Hardy and Weinberg are two scientists who gave a law that tells about gene and the frequency of genotypes in particular gene pool. In elaborated way, in an ideal population, i.e. the condition where population is not changing in any respect, like no migration, no mutation and no selection. Overall, when no evolutionary force acts on the given population, there will be no change in gene frequency.
The above explanation can be better understood with an example. This example is mathematically illustrated so as to make a better understand on Hardy-Weinberg equation and the overall concept of gene frequency. Let’s imagine two allele of a single locus. One allele is named ‘A’ and the other can be named ‘a’. Here, let’s take a hypothetical value i.e. frequency of A to be 0.6 and that of a is 0.4. Now as per the Hardy-Weinberg rule the probability that the zygote will have A only is 0.6*0.6= 0.36. Likewise, the probability the zygote that will have Aa is 0.6*0.4= 0.24 and that of aA is 0.4*0.6= 0.24. Now finally, the probability of having aa in a zygote is 0.4*0.4= 0.16. If we see the complete procedure we can figure out that the genotype AA will occur 12 times whereas Aa will occur 24 times. Same is the case with aA and finally aa will occur 8 times. As per the Hardy-Weinberg law the distribution of genotypes among the zygotes will come to be: a2 + 2ab + b2 i.e. 0.36+ 0.48+ 0.16=1.
This calculation clearly tells us that if the population is ideal or the data we looked on are hypothetical and hence no change in frequency is noticed and genotype frequency can easily be predicted after one generation of random mating.
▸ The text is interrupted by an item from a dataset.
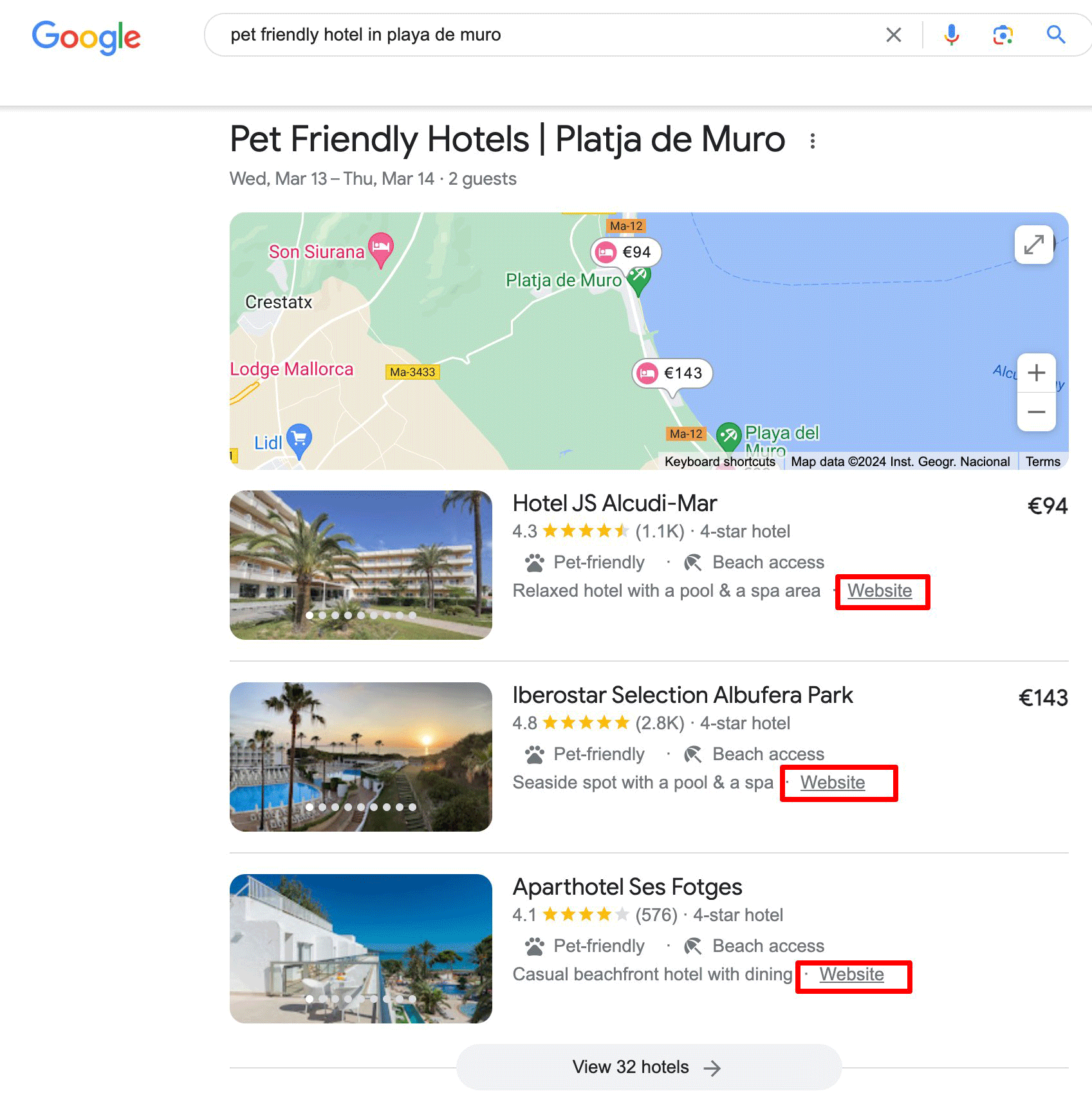 Résultats de l'hôtel Google avec des liens de site Web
When the given population meets all the assumption set by Hardy-Weinberg, and no change in frequency of gene occur than equilibrium is established and hence is called Hardy-Weinberg equilibrium. To get the answer to Hardy-Weinberg equilibrium, frequency of genotype is first determine, then allelic frequency is calculated from genotypic frequency and this allelic frequency is used to predict next generation’s genotypic frequency. Finally, in the given equation, if the genotypic frequency does not fit the given equation of Hardy-Weinberg, i.e. a2+2ab+b2, then it can be said that the assumption of Hardy-Weinberg cannot be applied to the real world because all the evolutionary forces comes into play. Migration means the people who travel from one place to the other and this bring changes in the population, likewise, mutation, random mating are all the natural forces that takes place, so when real world forces is applied population changes and hence the gene frequency also changes.
Hardy-Weinberg equation and the law not only tell about the changes that take place in the genotypic frequency rather it also highlights many other important things. It tells that dominant traits do not increase after each generation. Variations also occur in the population if the change in genetic frequency takes place and finally information about many neutral genes can be figured out.
This way Hardy-Weinberg equation provides lots of information on gene and gene frequency that have helped researches to take on further studies and make the genetics at much more higher level. hardy-Weinberg has bought advancement in the genetics. The mathematical proofs have helped scientist discover much more about on genetics and work on many more of the information.